Fifteen years and thousands of miles away from that moment, which doesn’t seem far off at all, Grossman says, “This is what terrifies me, to see how people fossilize in front of this situation, that they regard as a divine decree that orders us to kill the Arabs and be killed by them, to live by the sword. It is not a natural law that we have to suffer that. Now, if you go and tell about this reality — but in different words, not in the usual cliches, the cliches of the government, of the army, of the media, but you find new words — suddenly people feel that they are exposed to this reality from different points of view, and now they can react to it differently.”

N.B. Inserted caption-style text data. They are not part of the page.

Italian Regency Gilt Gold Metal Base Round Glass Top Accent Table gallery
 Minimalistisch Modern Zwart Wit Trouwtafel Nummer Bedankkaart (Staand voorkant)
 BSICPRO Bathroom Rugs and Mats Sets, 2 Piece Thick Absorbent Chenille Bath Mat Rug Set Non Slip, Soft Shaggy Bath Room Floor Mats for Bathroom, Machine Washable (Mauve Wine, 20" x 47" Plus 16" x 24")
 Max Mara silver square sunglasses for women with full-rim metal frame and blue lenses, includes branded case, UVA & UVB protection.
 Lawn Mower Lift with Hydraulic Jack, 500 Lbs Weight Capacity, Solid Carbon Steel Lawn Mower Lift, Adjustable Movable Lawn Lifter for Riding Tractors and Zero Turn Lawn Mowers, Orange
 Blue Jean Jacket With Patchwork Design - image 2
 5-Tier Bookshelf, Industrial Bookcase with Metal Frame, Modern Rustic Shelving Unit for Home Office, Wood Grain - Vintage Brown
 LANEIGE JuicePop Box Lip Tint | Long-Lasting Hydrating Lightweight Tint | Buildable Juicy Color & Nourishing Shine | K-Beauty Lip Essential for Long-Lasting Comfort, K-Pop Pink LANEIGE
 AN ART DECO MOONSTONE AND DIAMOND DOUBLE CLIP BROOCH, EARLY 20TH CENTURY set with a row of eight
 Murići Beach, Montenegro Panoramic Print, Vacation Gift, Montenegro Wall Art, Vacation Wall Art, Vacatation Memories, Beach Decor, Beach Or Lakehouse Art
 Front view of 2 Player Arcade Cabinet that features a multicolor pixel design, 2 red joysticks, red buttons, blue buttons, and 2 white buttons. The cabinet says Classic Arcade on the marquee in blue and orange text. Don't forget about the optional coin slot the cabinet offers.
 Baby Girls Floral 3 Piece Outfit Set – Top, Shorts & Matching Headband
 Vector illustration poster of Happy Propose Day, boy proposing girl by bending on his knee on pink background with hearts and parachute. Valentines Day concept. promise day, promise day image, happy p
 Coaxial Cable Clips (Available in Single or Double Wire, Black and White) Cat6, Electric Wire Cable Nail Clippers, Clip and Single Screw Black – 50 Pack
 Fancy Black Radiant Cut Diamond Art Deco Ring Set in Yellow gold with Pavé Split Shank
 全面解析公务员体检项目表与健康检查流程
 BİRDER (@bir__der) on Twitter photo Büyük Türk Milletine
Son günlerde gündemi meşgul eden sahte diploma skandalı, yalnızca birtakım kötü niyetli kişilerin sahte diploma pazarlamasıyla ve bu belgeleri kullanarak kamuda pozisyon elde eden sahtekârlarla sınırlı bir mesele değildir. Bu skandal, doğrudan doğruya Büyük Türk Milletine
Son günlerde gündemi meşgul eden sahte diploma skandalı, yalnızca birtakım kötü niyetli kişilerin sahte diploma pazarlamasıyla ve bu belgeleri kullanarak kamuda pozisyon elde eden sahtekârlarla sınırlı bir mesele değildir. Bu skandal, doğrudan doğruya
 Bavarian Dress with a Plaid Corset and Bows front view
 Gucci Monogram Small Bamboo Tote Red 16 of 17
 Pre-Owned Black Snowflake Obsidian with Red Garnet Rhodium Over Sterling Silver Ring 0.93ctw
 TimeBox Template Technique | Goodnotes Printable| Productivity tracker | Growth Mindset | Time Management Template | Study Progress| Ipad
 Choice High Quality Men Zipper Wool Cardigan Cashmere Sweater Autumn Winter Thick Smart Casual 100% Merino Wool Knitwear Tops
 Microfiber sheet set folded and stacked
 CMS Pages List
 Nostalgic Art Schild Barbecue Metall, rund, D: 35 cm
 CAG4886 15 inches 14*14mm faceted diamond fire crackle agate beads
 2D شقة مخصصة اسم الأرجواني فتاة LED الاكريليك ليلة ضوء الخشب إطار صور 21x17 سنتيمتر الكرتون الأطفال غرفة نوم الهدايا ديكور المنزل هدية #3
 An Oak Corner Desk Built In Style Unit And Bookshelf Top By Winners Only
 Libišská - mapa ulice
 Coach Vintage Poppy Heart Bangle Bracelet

It is this, Grossman says, that makes a writer worthy of attacking political problems, “this ability to change points of view and suddenly to see the story from a different angle, and by that to liberate yourself from your own prison.” It is hard to imagine many writers more worthy than Grossman, this unlikely redheaded Quixote with a child‘s eyes who preaches, despite all the gory evidence to the contrary, that literature can change minds and melt hearts congealed by fear and hatred, or to imagine anyone better able, to quote See Under: LOVE, to write and flirt and play the clown like “a wedding entertainer, and something of a liar and an adulterer of words, and write with love, and most of all with madness.”
After two hours of talking, Grossman politely excuses himself. He has to save his voice, he explains, for a reading tonight. He walks off toward the elevator and up to his room, where the telephone and CNN await him.